Puerto Rico Energy Bureau

Agency overview
- Formed: May 27, 2014; 10 years ago
- Jurisdiction: all of Puerto Rico
- Annual budget: $5 million USD
- Agency executive: Edison Avilés-Deliz, Chairman;
- Key document: 57. 2014.;

= Puerto Rico Energy Commission =

The Puerto Rico Energy Bureau is the government agency that regulates the energy industry in Puerto Rico. The commission was created with the primary intention of regulating the Puerto Rico Electric Power Authority (PREPA): the government-owned corporation and government monopoly that distributes and transmits all energy in Puerto Rico as well as producing 70% of all energy in Puerto Rico. Before the commission came into existence, PREPA regulated both itself and the energy industry without any oversight whatsoever. As renewable energy became economically feasible, Puerto Rico lagged behind in comparison to other jurisdictions. This did not bode well with several energy businesses and think tanks, such as the Association of Producers of Renewable Energy (APER) and the Center for the New Economy (CNE), which advocated for the creation of a separate independent entity capable of regulating the industry.

Organizationally, the commission is overseen by a board of directors comprised by three commissioners appointed by the governor with the advice and consent of the Senate. The commission is also supported by an executive director who works together with the Puerto Rico Energy Affairs Administration and provides technical advice to the commissioners.

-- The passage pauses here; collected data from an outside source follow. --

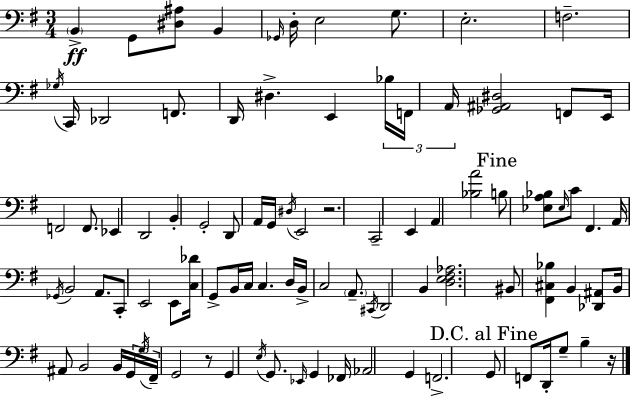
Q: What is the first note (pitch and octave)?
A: B2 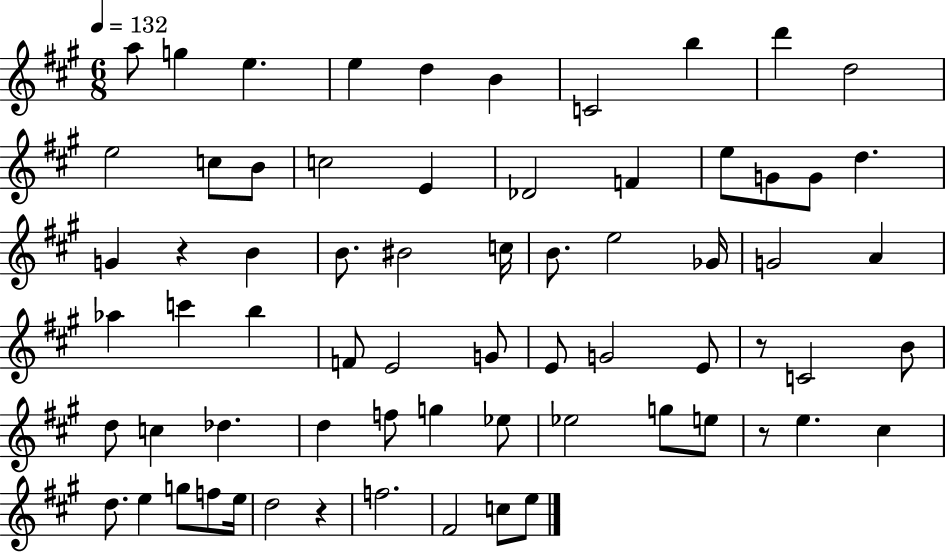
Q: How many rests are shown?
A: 4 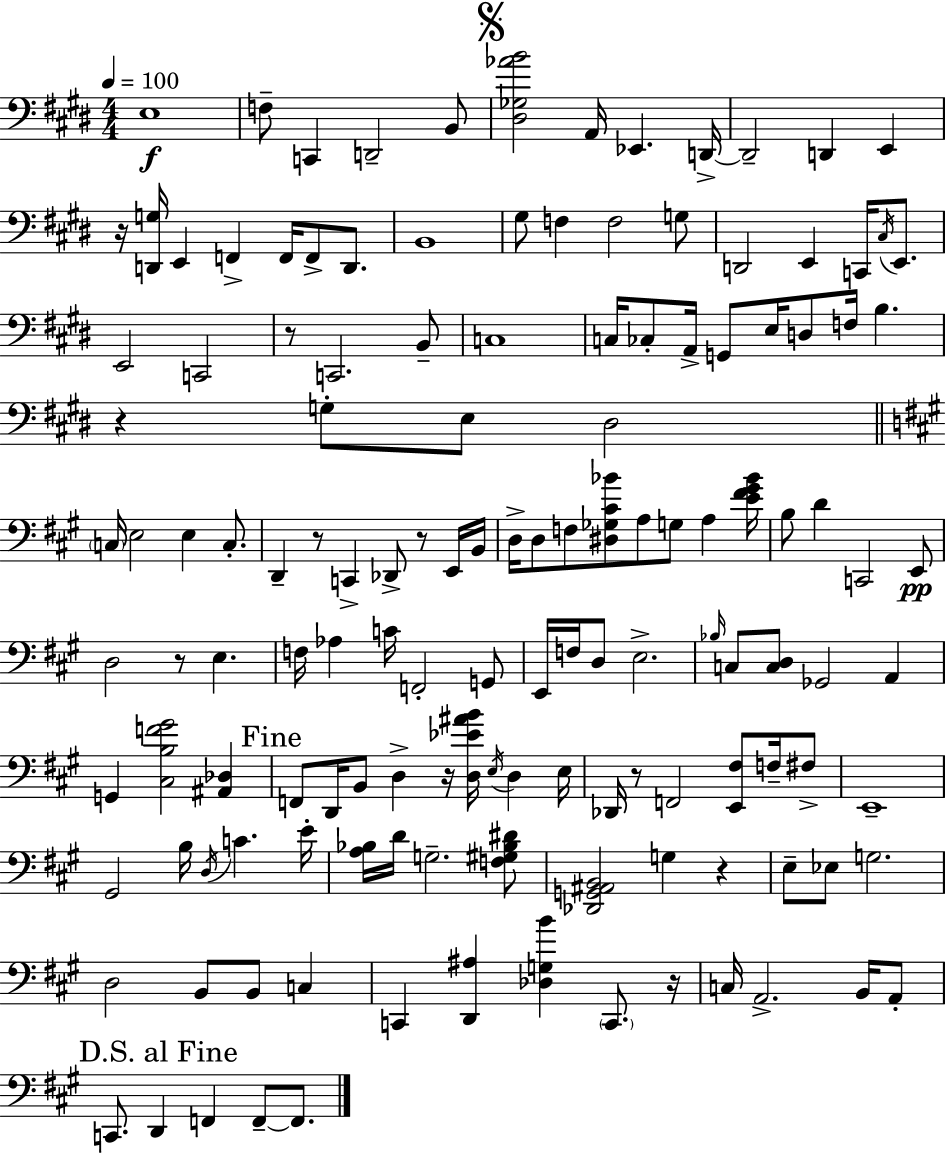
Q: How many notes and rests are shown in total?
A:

After the September 2017 hurricanes largely destroyed the island's aging, neglected and fragile power grid, and among the rush to simply rebuild as fast as possible, advocates of renewable energy and micro grids tried to turn the conversation - and infrastructure investment - to solar PV, microgrids and combined heat and power (CHP). With microgrid regulations passed by PREC in May 2018, realizing the vision for such projects is likely still twenty years away.